Comparing two methods for implementing RAG with Azure OpenAI and AI Search using Python

mikechen · June 22, 2025, 10:29pm

I’m trying to figure out which method works better for building a RAG system with Azure OpenAI and AI Search using Python. I’ve tested both approaches and they both give good results, but I’m confused about when to use each one.

Method 1: Manual search query handling

az_openai = AzureOpenAI(
    api_version="2024-05-01",
    azure_endpoint=OPENAI_ENDPOINT,
    azure_ad_token_provider=auth_provider
)

search_service = SearchClient(
    endpoint=SEARCH_ENDPOINT,
    index_name="products-index",
    credential=search_creds
)

CONTEXT_TEMPLATE="""You are a helpful product recommendation assistant.
User Question: {user_query}
Relevant Information:\n{context_data}"""

user_question = "What laptops do you have with good battery life?"

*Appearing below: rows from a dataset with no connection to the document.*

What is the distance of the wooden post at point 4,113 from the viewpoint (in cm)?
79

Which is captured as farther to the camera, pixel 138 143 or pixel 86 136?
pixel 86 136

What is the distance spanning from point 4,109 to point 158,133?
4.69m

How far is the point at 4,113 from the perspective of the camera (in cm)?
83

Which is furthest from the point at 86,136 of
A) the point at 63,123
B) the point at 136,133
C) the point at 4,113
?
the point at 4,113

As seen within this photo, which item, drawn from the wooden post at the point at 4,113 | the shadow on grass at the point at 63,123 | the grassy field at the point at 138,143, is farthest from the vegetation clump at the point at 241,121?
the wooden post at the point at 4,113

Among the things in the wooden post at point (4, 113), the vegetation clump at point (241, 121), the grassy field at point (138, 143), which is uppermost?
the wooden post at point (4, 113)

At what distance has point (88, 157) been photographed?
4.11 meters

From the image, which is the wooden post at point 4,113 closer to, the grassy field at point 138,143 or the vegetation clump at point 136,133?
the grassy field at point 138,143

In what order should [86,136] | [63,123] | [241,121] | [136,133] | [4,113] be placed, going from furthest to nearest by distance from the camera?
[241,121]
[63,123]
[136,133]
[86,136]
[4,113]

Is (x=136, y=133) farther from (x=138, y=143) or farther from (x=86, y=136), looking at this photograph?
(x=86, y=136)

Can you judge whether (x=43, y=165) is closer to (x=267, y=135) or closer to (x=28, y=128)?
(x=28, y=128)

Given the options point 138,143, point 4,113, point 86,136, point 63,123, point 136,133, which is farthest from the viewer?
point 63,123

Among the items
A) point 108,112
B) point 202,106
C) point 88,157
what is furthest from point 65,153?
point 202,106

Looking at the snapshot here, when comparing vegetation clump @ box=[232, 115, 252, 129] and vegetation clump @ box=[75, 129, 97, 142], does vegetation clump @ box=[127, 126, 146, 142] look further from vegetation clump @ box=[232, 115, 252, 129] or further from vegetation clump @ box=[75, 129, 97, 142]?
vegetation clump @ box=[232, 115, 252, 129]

results = search_service.search(
    search_text=user_question,
    top=3,
    select="ProductName,Features,Specifications"
)

context_text = "\n".join([f'{item["ProductName"]}:{item["Features"]}:{item["Specifications"]}' for item in results])

answer = az_openai.chat.completions.create(
    messages=[
        {
            "role": "user",
            "content": CONTEXT_TEMPLATE.format(user_query=user_question, context_data=context_text)
        }
    ],
    model=MODEL_NAME
)

Method 2: Built-in search integration

service_endpoint = os.getenv("OPENAI_SERVICE_URL")
service_key = os.getenv("OPENAI_ACCESS_KEY")
model_name = os.getenv("OPENAI_MODEL_NAME")

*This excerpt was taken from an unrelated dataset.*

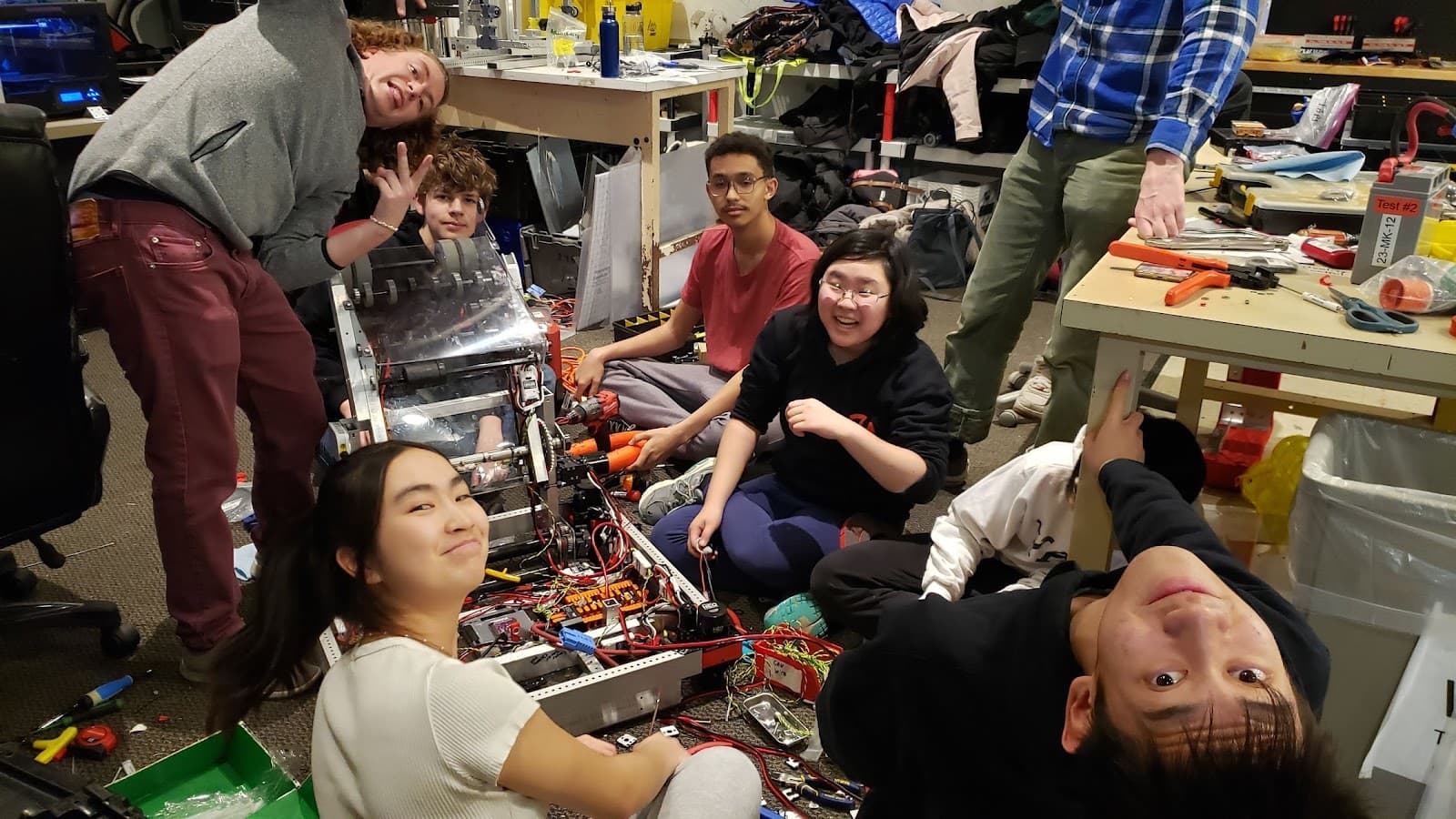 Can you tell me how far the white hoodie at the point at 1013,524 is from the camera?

ai_client = openai.AzureOpenAI(
    azure_endpoint=service_endpoint,
    api_key=service_key,
    api_version="2024-03-01"
)

response = ai_client.chat.completions.create(
    model=model_name,
    messages=[
        {
            "role": "user",
            "content": "Show me available insurance options"
        }
    ],
    extra_body={
        "data_sources": [
            {
                "type": "azure_search",
                "parameters": {
                    "endpoint": os.getenv("SEARCH_SERVICE_URL"),
                    "index_name": os.getenv("SEARCH_INDEX_NAME"),
                    "authentication": {
                        "type": "api_key",
                        "key": os.getenv("SEARCH_SERVICE_KEY")
                    }
                }
            }
        ]
    }
)

The second method seems much simpler, but I’m wondering if there are important benefits to the first approach that I’m missing. When would you choose one over the other?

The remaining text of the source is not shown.